Exercise goal: Your answer must hold only the lines below from the line containing "I kind of want" through the line containing "Step two is", each reproduced exactly.

Information given:
- - -
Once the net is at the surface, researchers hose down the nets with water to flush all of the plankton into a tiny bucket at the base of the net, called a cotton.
- - -
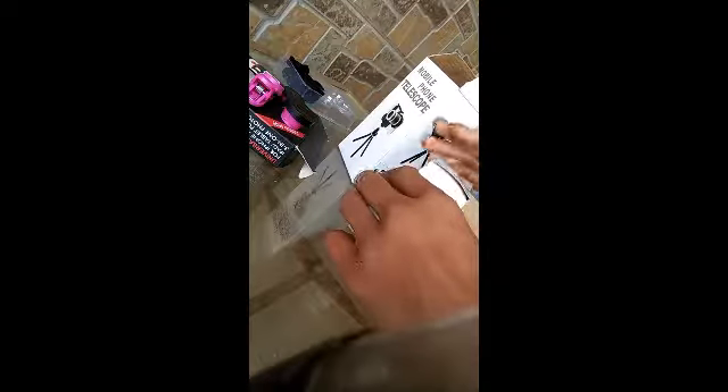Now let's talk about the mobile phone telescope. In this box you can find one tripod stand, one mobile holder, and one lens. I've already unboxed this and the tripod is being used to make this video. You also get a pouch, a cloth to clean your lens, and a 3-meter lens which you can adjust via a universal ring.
- - -
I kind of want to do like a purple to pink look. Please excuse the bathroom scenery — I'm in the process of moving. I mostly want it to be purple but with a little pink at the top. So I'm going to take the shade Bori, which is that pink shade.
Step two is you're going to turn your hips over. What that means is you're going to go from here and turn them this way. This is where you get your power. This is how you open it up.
- - -
Task answer:
I kind of want to do like a purple to pink look. Please excuse the bathroom scenery — I'm in the process of moving. I mostly want it to be purple but with a little pink at the top. So I'm going to take the shade Bori, which is that pink shade.
Step two is you're going to turn your hips over. What that means is you're going to go from here and turn them this way. This is where you get your power. This is how you open it up.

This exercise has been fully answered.